An Avalanche on Rose Hill: 5th Circuit Upholds Denial of Conservation Easement Deduction

On August 14, 2018 the 5th Circuit upheld the Tax Court’s September 9, 2016 bench opinion in PBBM-Rose Hill, LTD v. Comm’r. The case involved a $15,160,000 conservation easement deduction under IRC § 170(h) that was denied based on a technicality relating to strict compliance with the extinguishment regulations under Treas. Reg. § 1.170A-14(g)(6)(i) and a rejection of the taxpayer’s valuation. The issue non-compliance resulted from a division of proceeds formula in the deed contemplating how proceeds would be split in the event of a taking or destruction of the property. Further, the 5th Circuit upheld the IRS appraisal and assessment of accuracy related penalties. While a terrible result for the taxpayer, this case is not, in the author’s opinion, a disaster for taxpayers planning to utilize conservation easements. What this case is however, is a good reminder of items to check when granting a conservation easement with the expectation of receiving a deduction under IRC § 170(h).

Major takeaways from this case are as follows:

  • An easement must be “exclusively for conservation purposes” under IRC § 170(h)(1)(C). This phrase has two requirements, there must be a conservation use and it must be in perpetuity.
    • Conservation Use – Conservation use is determined according to the deed (with certain exception in the event the donor knows or should know about intended non-compliant use following the gift) and not the subsequent use of the land subject to the easement. These qualifying uses are listed under IRC 170(h)(4)(A) and are as follows:
      • preservation of land for recreation;
      • protection of a natural habitat;
      • preservation of open space for scenic enjoyment;
      • preservation of open space pursuant to a government conservation policy; or
      • preservation of historic land or structures.
    • Perpetuity – In this case, the taxpayer adjusted the formula in the division of proceeds section of the easement deed to allocate back improvements made to the property to the taxpayer. The IRS disagreed with this formula arguing that the plain meaning of the term “proceeds” under the extinguishment regulations means everything.  For an easement to be considered “exclusively for conservation purposes” the gift must be made in perpetuity. The gift must rise to the level of a property right. However, interests in land do not always last forever and the Treasury Regulations contemplate just that. Accordingly, the Treasuring Regulations, in addressing this potential issue, offer rules such that a donor can abide by and be deemed to have given a gift that is protected in perpetuity, even if the there is a taking or destruction of the property in the future.  A couple of items to remember here are:
      • follow the extinguishment regulations as described here with a liberal definition of the term “proceeds;” (from this case)
      • check title prior to deed filing to ensure no clouds exist;
      • ensure mortgages are subordinated.1
  • Justification for Valuation – Ensure that the highest and best use is justifiable.

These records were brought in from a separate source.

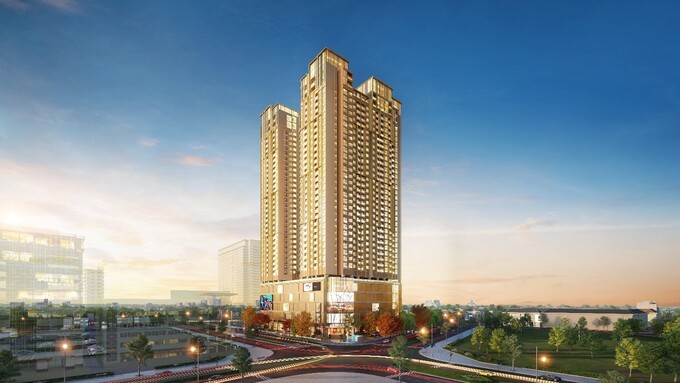 Phối cảnh dự án BRG Diamond Residence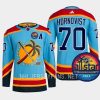 men panthers patric hornqvist reverse retro 2023 all star patch blue jersey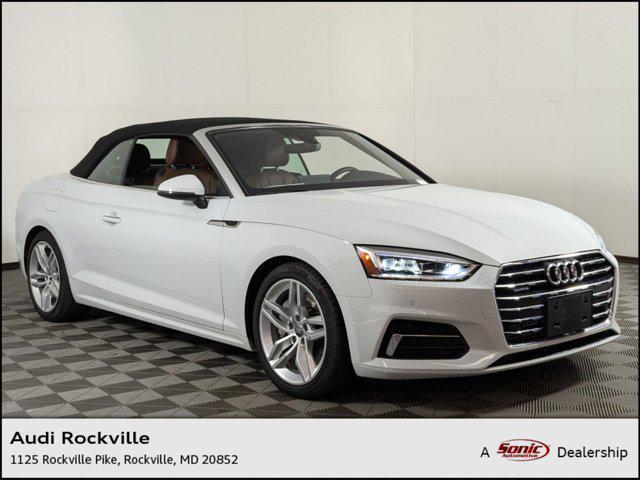 used 2019 Audi A5 car, priced at $31,999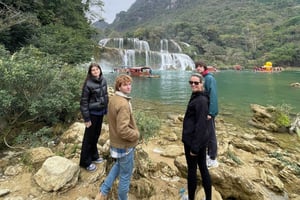 Hanoista: 2 päivän ainutlaatuinen kiertue Cao Bangin tutkimiseen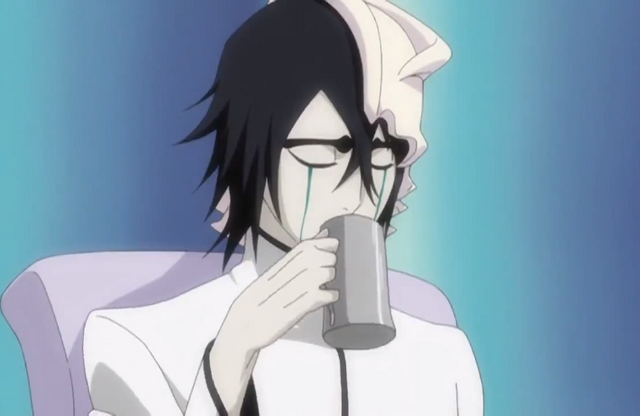 File:255Ulquiorra drinks.png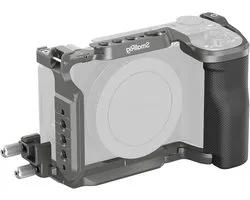 ZV-E10 II HawkLock QR Cage Kit met HDMI-kabelklem, ergonomische grip en Arca quick release systeem voor Sony camera's
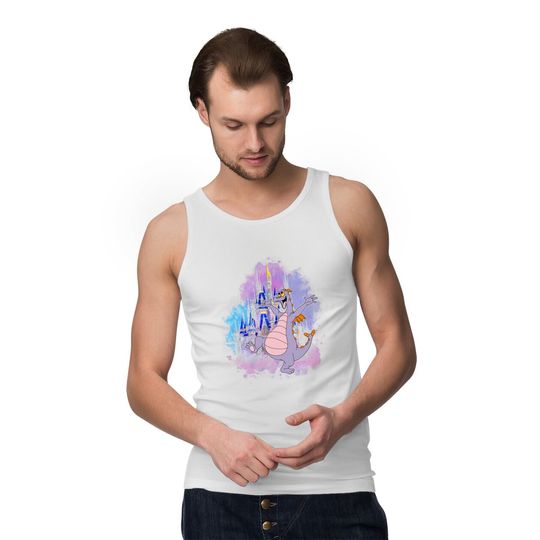 Figment Tank Top, Disney Figment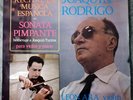 Rodrigo Sonata Pimpante for Violin & Sarasate Leon Ara Tempo STEREO ed1 NM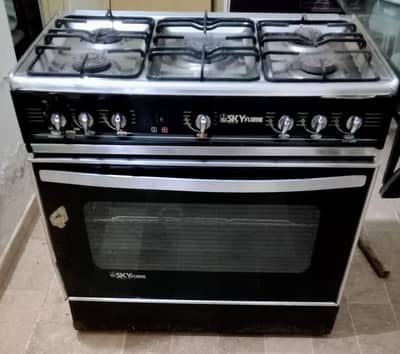 Sky Flame 5 Burners And Oven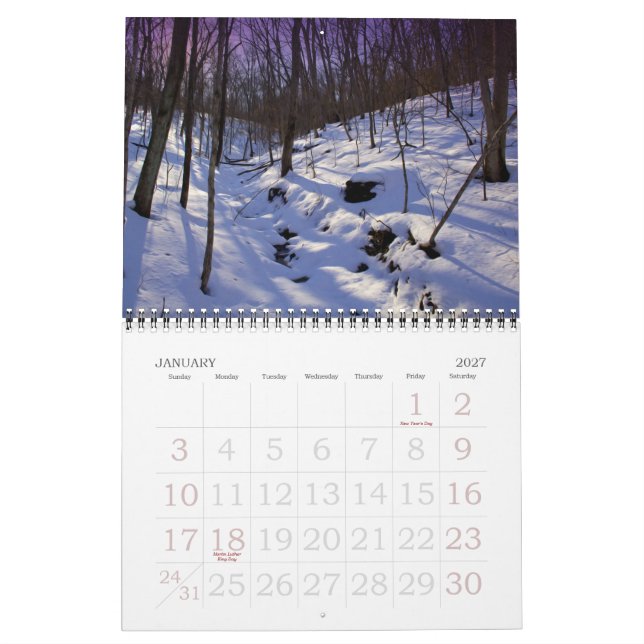 Mural Calendrier 2012 (Jan 2027)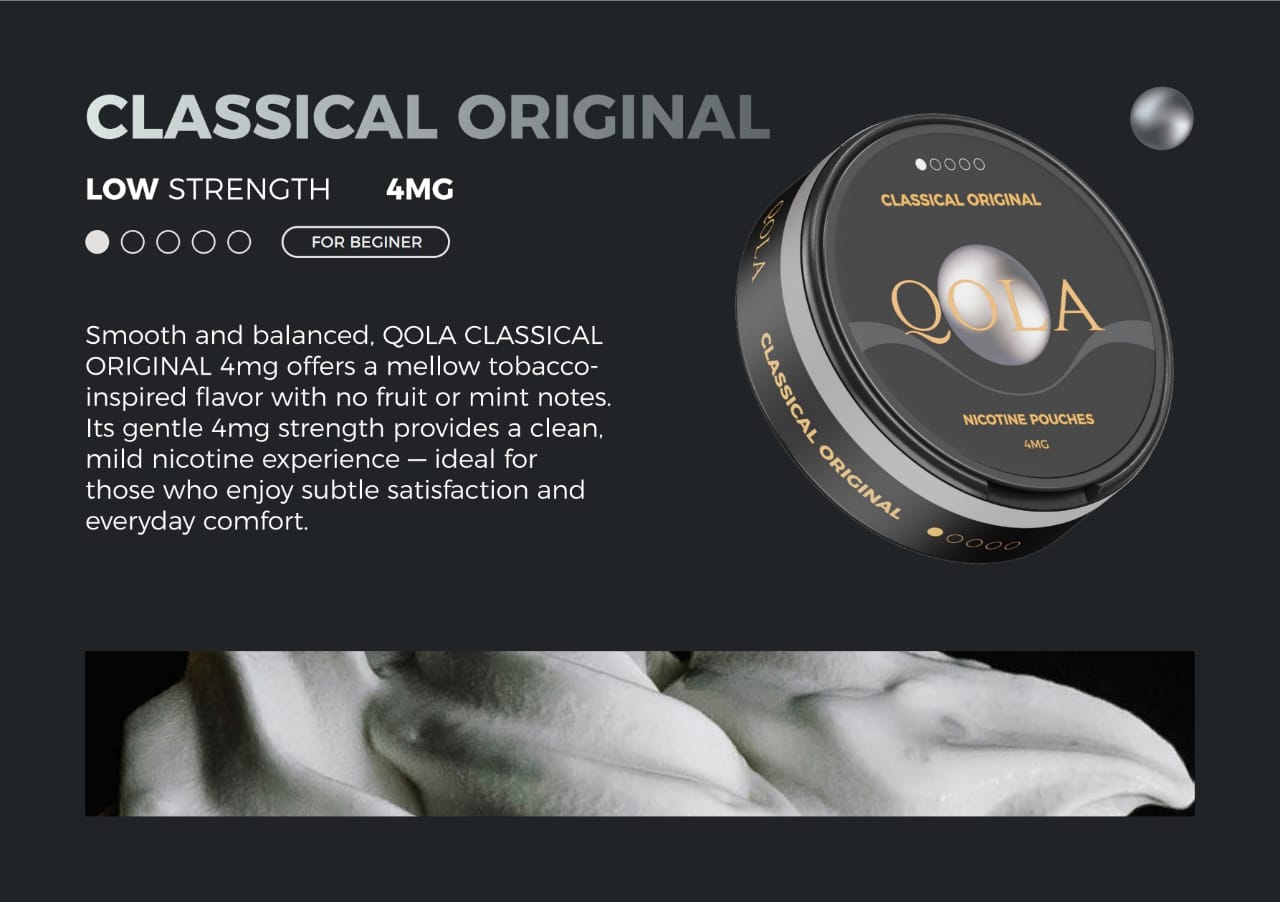 QOLA NICOTINE POUCH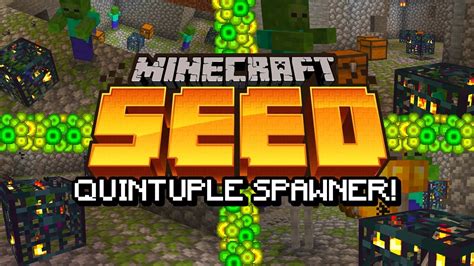 The Best Minecraft Seed For Building A Mob Xp Farm Bedrock Edition 1 16 Youtube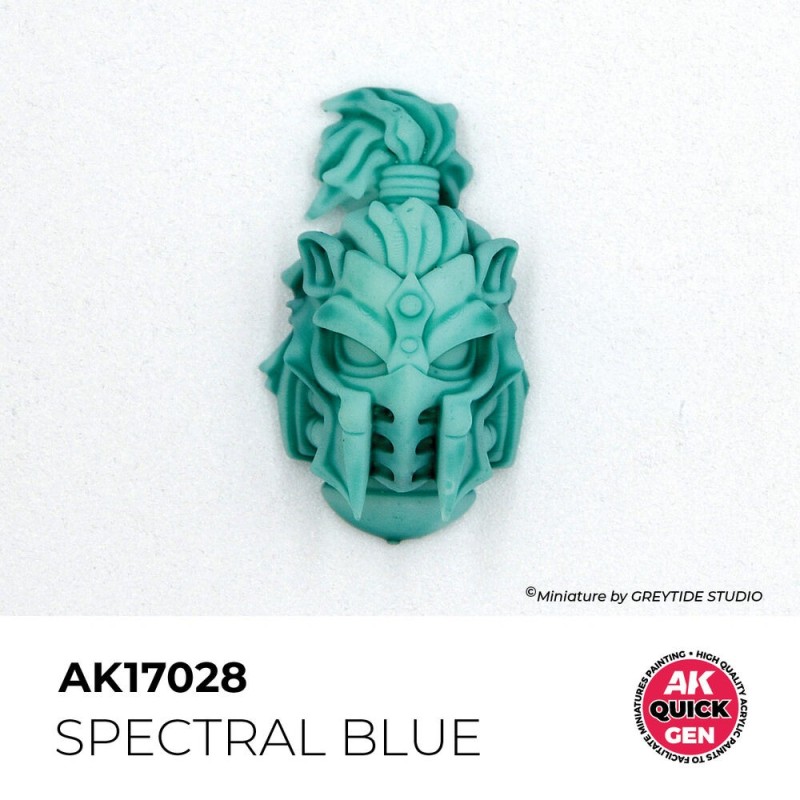  AK - Peinture Quick Gen : Spectral Blue - 18 ml
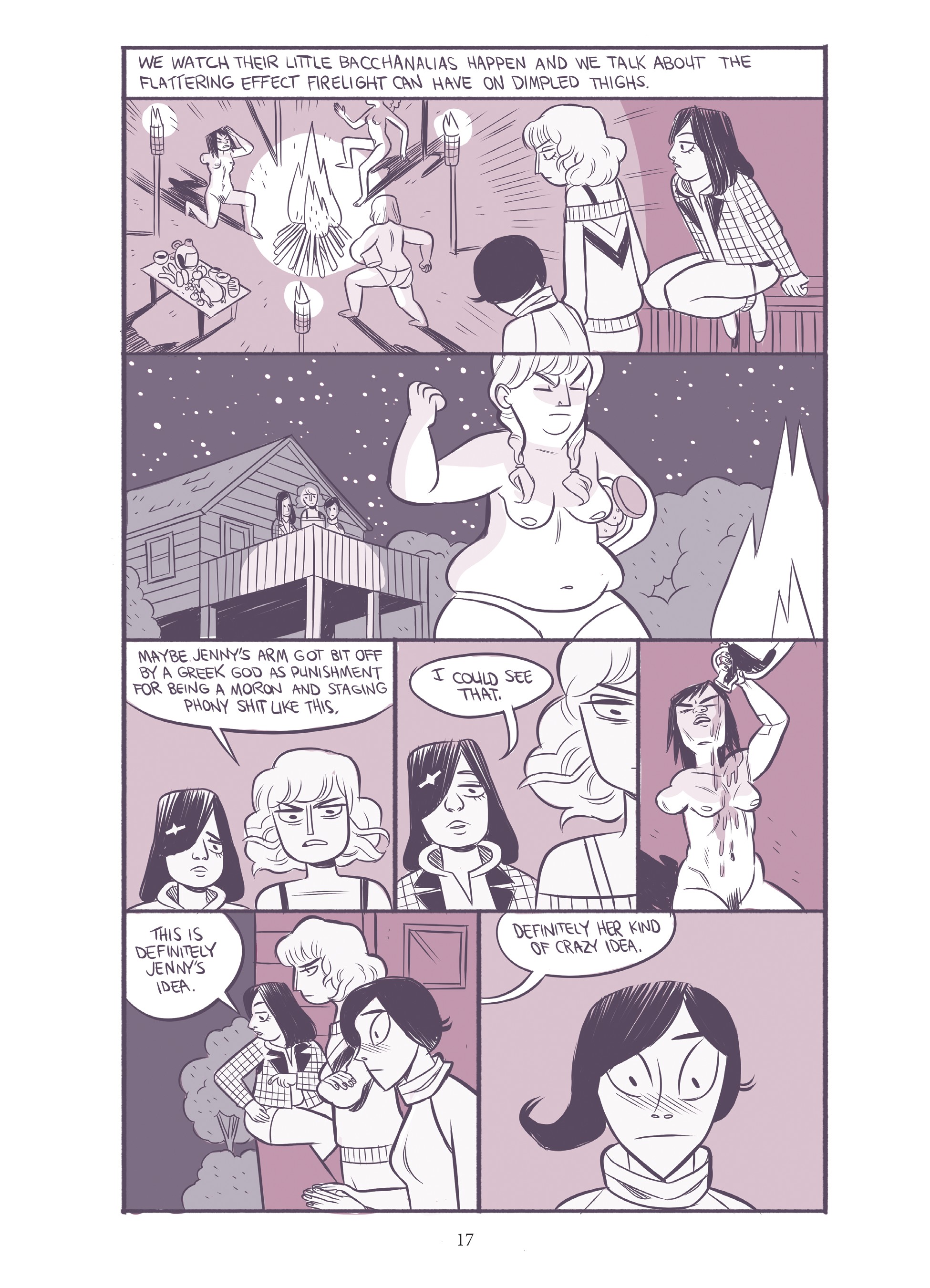 Read online Girl Town comic -  Issue # TPB (Part 1) - 18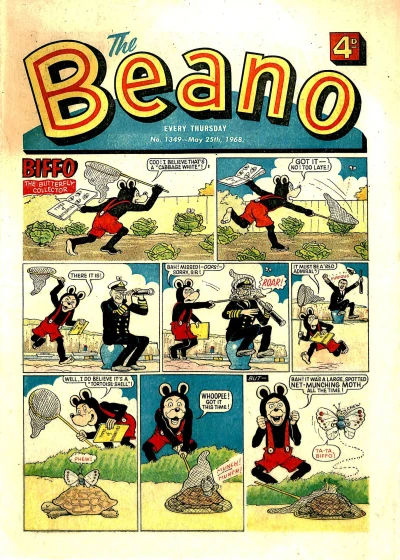 Cover of Issue #1349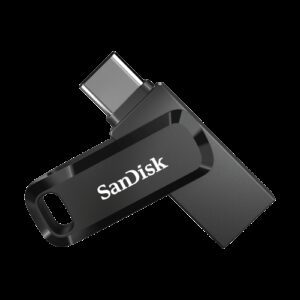 SanDisk Ultra Dual Drive unidad flash USB 128 GB USB Type-A / USB Type-C 3.2 Gen 1 (3.1 Gen 1) Negro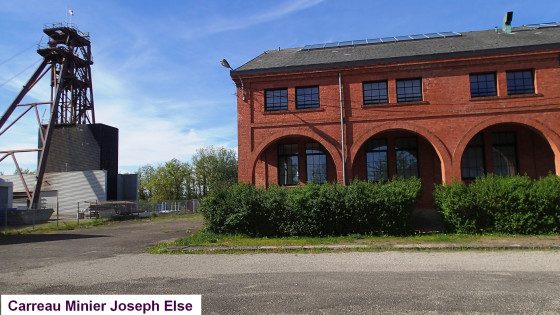 Le carreau minier Joseph Else à Wittelsheim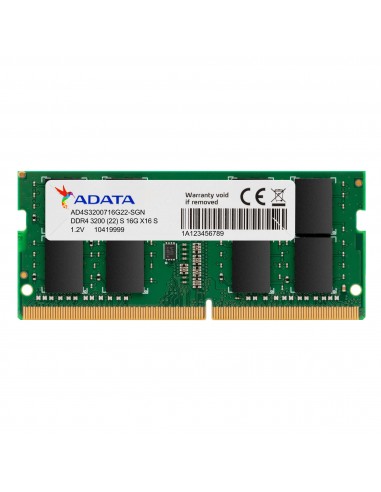 16GB DDR4 3200 ADATA SODIMM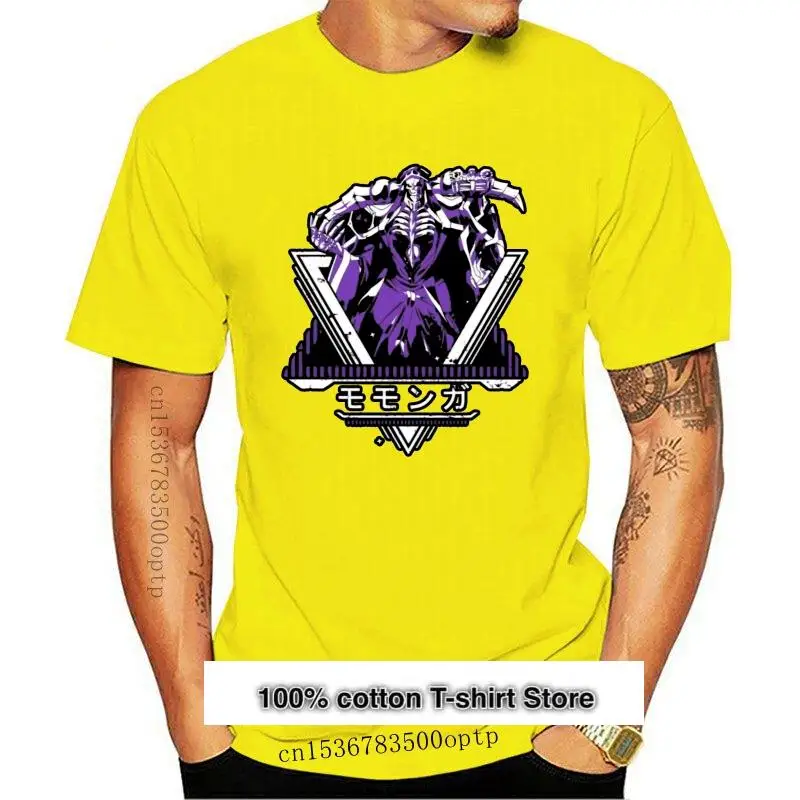 

Ropa de hombre Overlord, camisetas Ainz, черный, синий Марино, M-5XL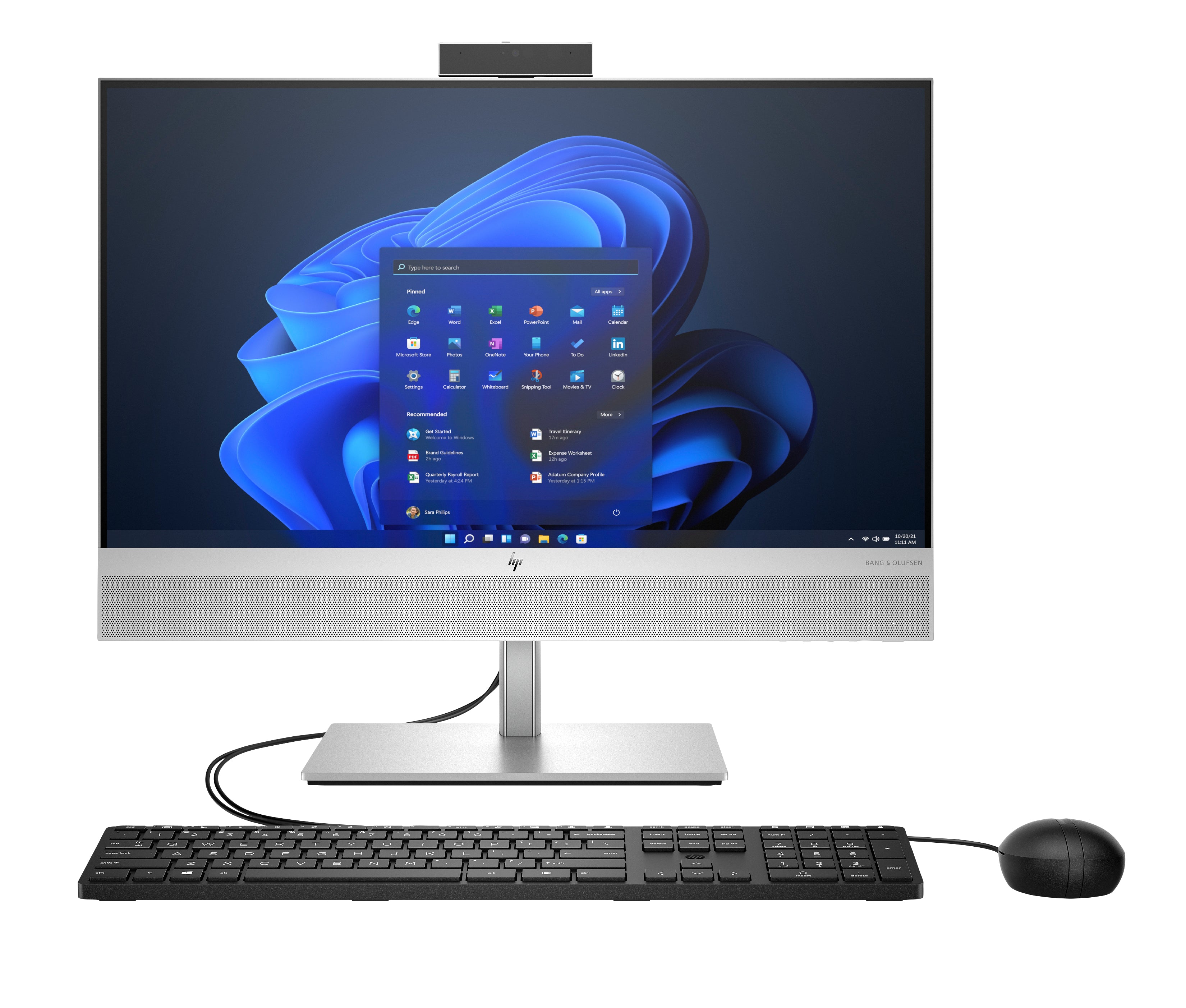 HP EliteOne 840 G9 Wolf Pro Security Edition Intel® Core™ i5 i5-14500 23.8" 1920 x 1080 pixels All-in-One PC 16 GB DDR5-SDRAM 256 GB SSD Windows 11 Pro Wi-Fi 6E (802.11ax) Silver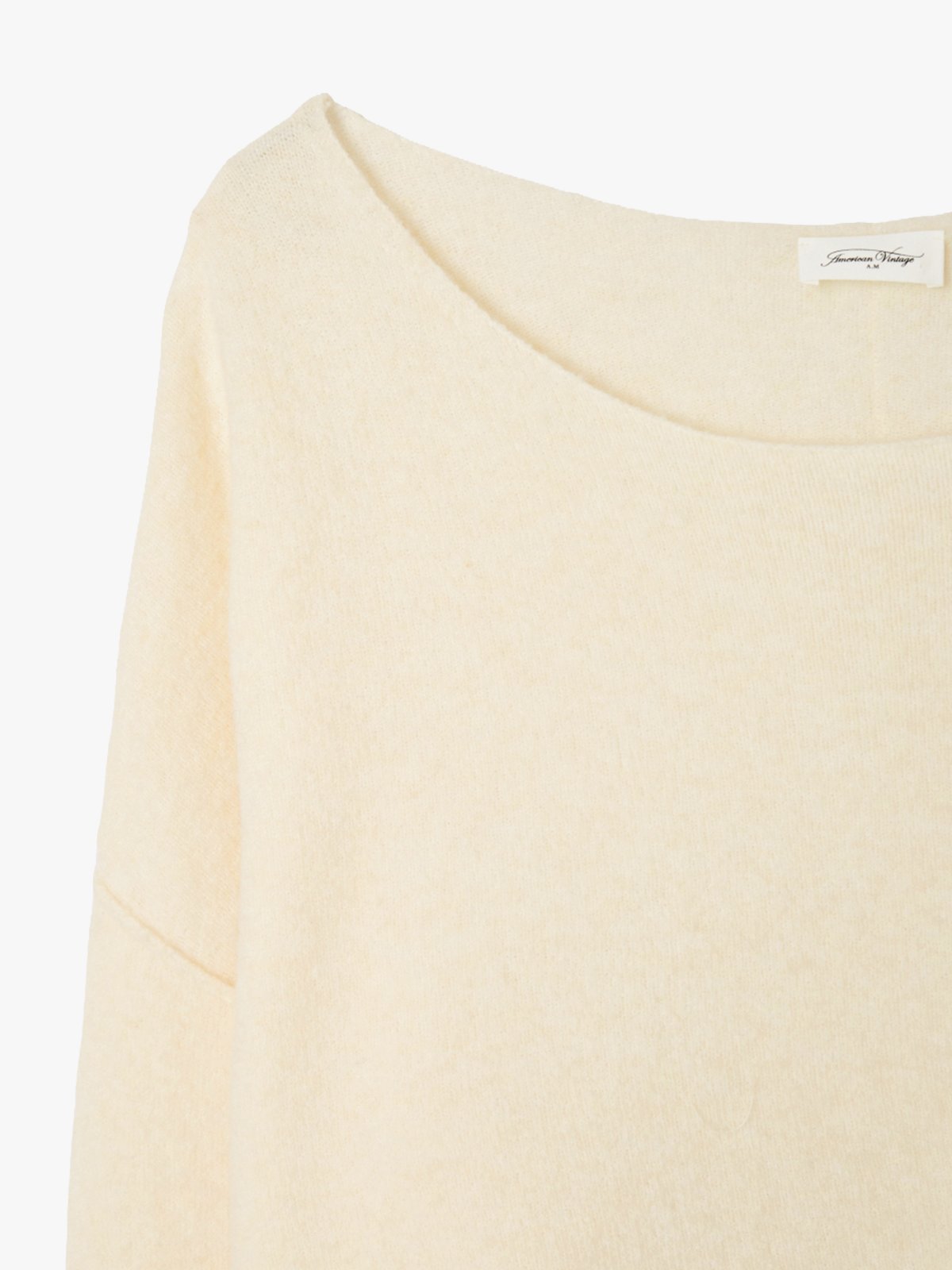 American Vintage Damsville Sweater Beige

This means that the use is reasonable, likely, and the market will support such use. In Rose Hill, the Court disagreed with the taxpayer’s “before” valuation which relied on rezoning the property. The property was part of a Planned Unit Development (PUD) and significant work would have needed to been undertaken to qualify for rezoning which the valuation relied upon. The court emphasized that the highest and best use is the “reasonable and probably use that supports the highest present value.” 2 The taxpayer valuation relied on the assertion that “the property could be rezoned.” The Court disagreed with the taxpayer and agreed with the IRS appraiser who relied on the fact that the current zoning was for recreational uses only, though there were still some questions as the Bankruptcy Court set aside the use restrictions. Instead, the IRS appraiser discussed the uncertainty of changing the zoning and the process for amending or being able to vary from the PUD. In the end, the Court agreed with the Tax Court finding that development was unlikely and agreed with the IRS valuation, $100,000 for the easement.

In short, check your deeds, do not get creative with extinguishment formulas, and make sure the use relied upon in the valuation is reasonable and probable.


  1. RP Golf v. Comm’r, T.C. Memo 2016-80.
  2. Citing Whitehouse Hotel Ltd. P’Ship v. Comm’r, 615 F3d 321, 335 (5th Cir. 2010) (citing Frazee v. Comm’r, 98 T.C. 554, 563 (1992).